══ Record set

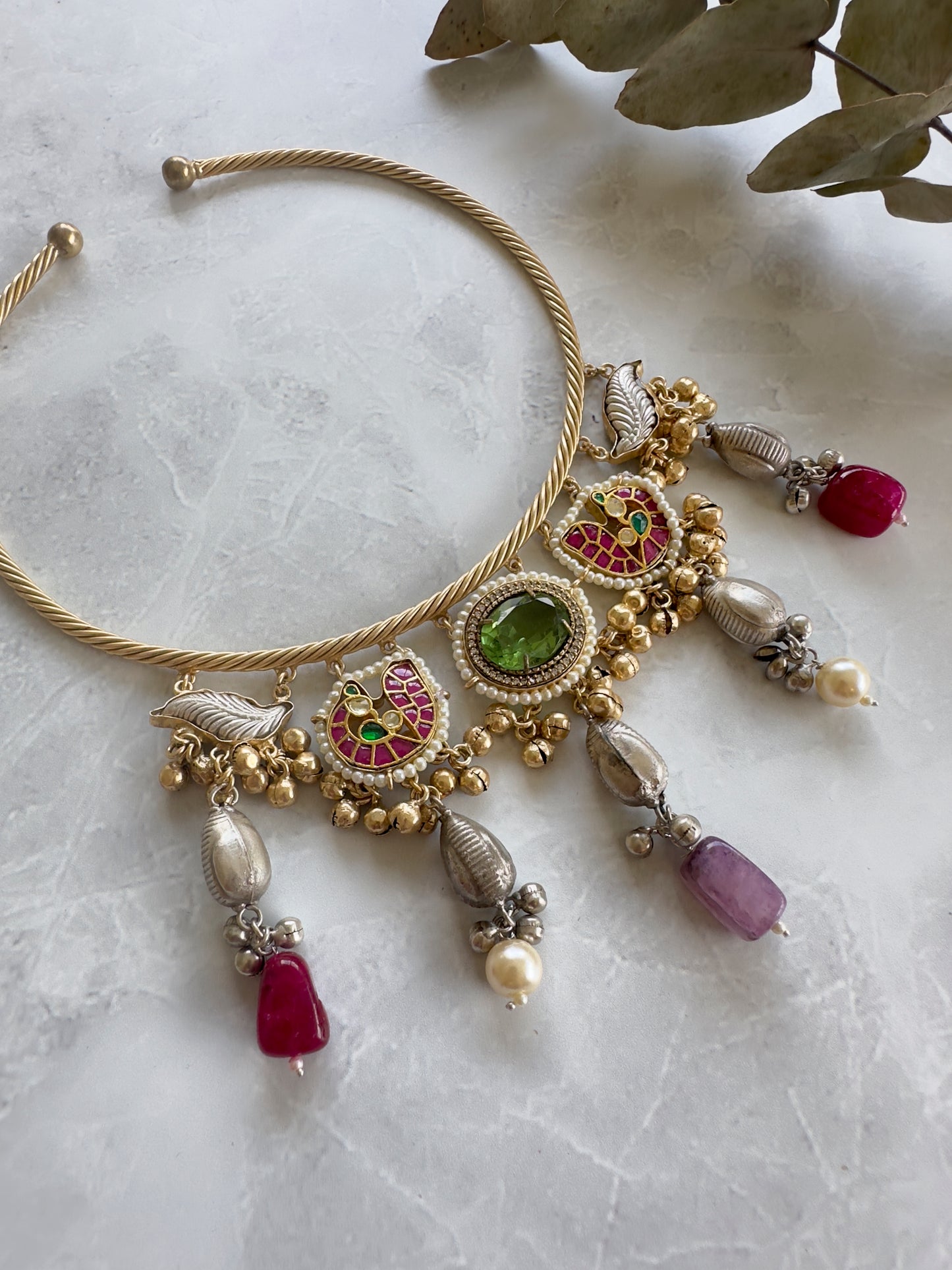 PANDORA NECKLACE - Premium Necklace from Chaand + Bali - Just $159! Shop now at Chaandbali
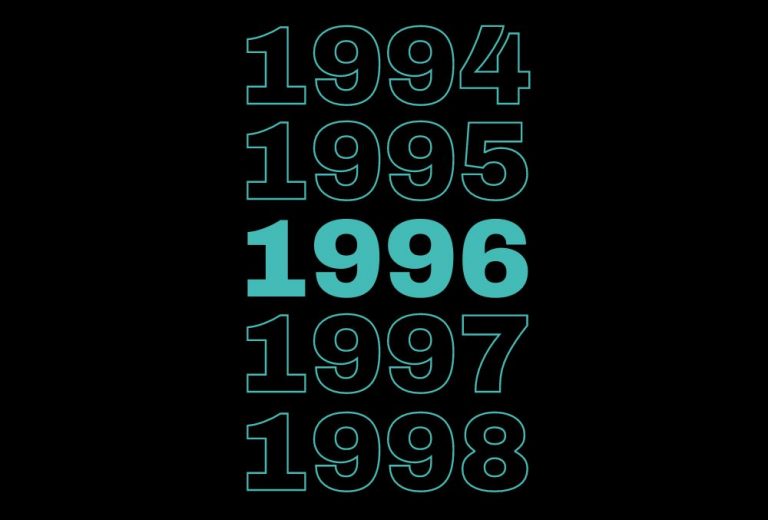 Year-End Top 100 UK 1996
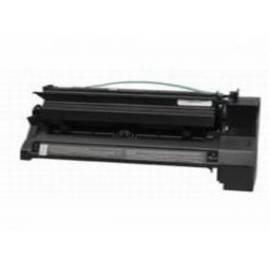 Toner LEXMARK C752 HY (15G032K) schwarz - Anleitung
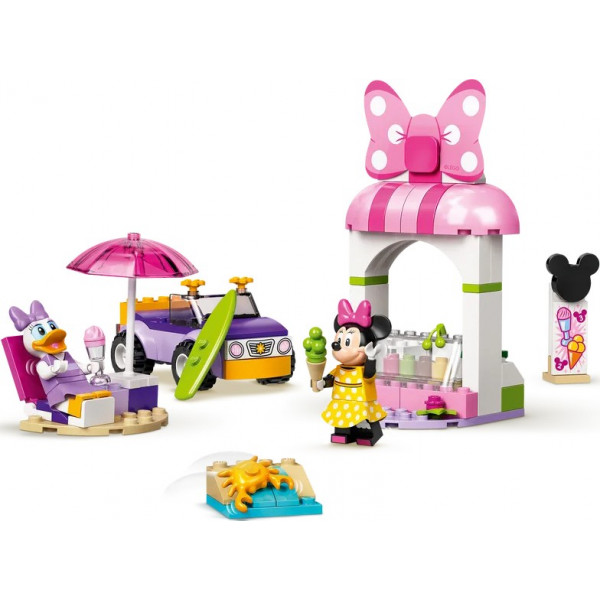 Фото - Конструктор LEGO Mickey and Friends Магазин мороженого Минни (10773)
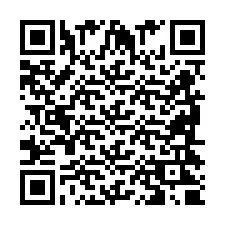 QR Code สำหรับหมายเลขโทรศัพท์ +2698420853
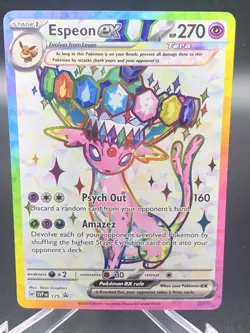 Espeon ex - 175 Promo SV: Scarlet & Violet Promo Cards SVP 175 NM - Image 1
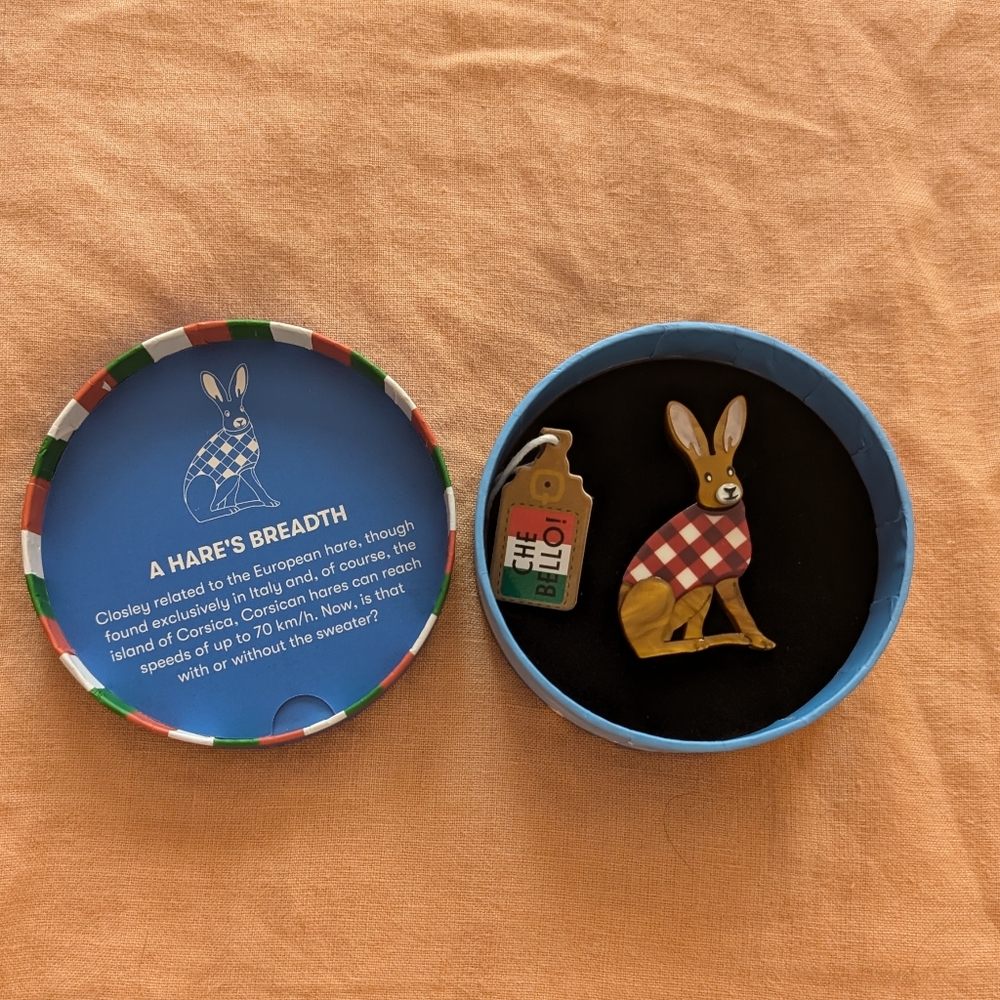 Erstwilder A Hare's Breadth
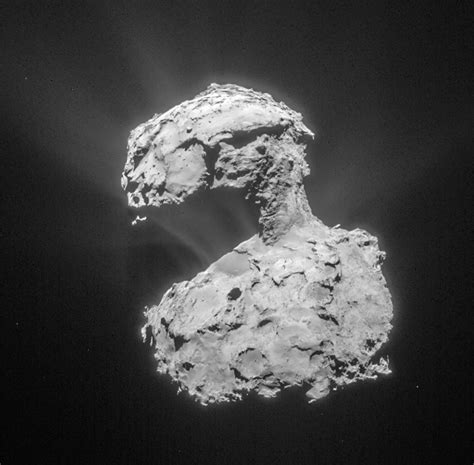 Space Images Rosetta Comet Marches On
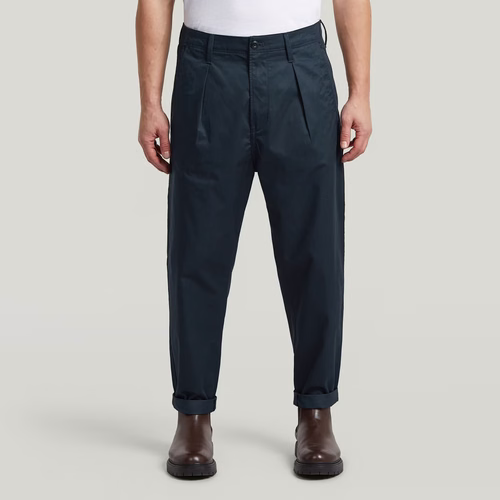 The Ignaz- Correct Pleated Chino Relaxed - s - G-Star RAW - Modalova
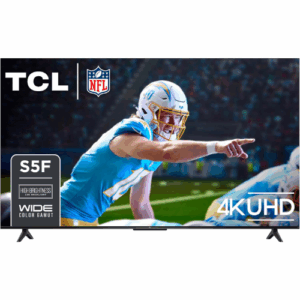 TCL 55-Inch Class S5 UHD 4K LED Smart TV with Fire TV (55S551F, 2024 Model)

════

Transcribe every line in the entries above, taking out only the images.

Answer section:
 PANDORA NECKLACE - Premium Necklace from Chaand + Bali - Just $159! Shop now at Chaandbali
 Year-End Top 100 UK 1996
 Toner LEXMARK C752 HY (15G032K) schwarz - Anleitung
 Фото - Конструктор LEGO Mickey and Friends Магазин мороженого Минни (10773)
 QR Code สำหรับหมายเลขโทรศัพท์ +2698420853
 Espeon ex - 175 Promo SV: Scarlet & Violet Promo Cards SVP 175 NM - Image 1
 Erstwilder A Hare's Breadth
 Space Images Rosetta Comet Marches On
 The Ignaz- Correct Pleated Chino Relaxed - s - G-Star RAW - Modalova
 TCL 55-Inch Class S5 UHD 4K LED Smart TV with Fire TV (55S551F, 2024 Model)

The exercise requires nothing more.